Short descriptive text snippets
==*==
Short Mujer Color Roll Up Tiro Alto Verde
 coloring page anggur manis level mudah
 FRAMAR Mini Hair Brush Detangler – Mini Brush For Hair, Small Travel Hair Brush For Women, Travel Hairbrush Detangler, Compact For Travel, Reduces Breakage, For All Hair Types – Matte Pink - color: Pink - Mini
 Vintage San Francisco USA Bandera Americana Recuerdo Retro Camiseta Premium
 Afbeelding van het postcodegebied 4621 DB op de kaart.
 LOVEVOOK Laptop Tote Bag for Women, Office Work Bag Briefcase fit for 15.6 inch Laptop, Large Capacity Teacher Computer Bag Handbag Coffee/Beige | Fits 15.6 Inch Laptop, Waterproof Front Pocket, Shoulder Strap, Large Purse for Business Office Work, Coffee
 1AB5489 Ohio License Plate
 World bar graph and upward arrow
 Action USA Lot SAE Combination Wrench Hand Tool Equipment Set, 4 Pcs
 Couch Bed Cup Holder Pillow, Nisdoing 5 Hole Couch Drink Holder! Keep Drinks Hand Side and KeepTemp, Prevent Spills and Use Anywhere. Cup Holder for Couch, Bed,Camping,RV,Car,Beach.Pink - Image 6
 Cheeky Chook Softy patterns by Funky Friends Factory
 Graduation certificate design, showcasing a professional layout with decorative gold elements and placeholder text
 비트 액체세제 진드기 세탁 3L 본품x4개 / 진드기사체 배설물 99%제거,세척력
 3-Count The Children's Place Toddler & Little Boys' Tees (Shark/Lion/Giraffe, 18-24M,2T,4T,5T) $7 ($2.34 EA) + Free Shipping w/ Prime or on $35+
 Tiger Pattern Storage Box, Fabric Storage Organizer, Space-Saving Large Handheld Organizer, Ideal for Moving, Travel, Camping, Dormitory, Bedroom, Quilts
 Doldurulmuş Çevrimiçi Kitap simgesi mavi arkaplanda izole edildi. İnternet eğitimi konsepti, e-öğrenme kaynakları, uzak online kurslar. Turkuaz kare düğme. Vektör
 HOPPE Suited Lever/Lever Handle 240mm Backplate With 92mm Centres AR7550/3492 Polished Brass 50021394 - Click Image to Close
==*==
▶ _WORK TO COMPLETE_: Only one number is wanted: how many lines of the data above include the word "Large".

▶ _RESPONSE TO THIS EXERCISE_: 2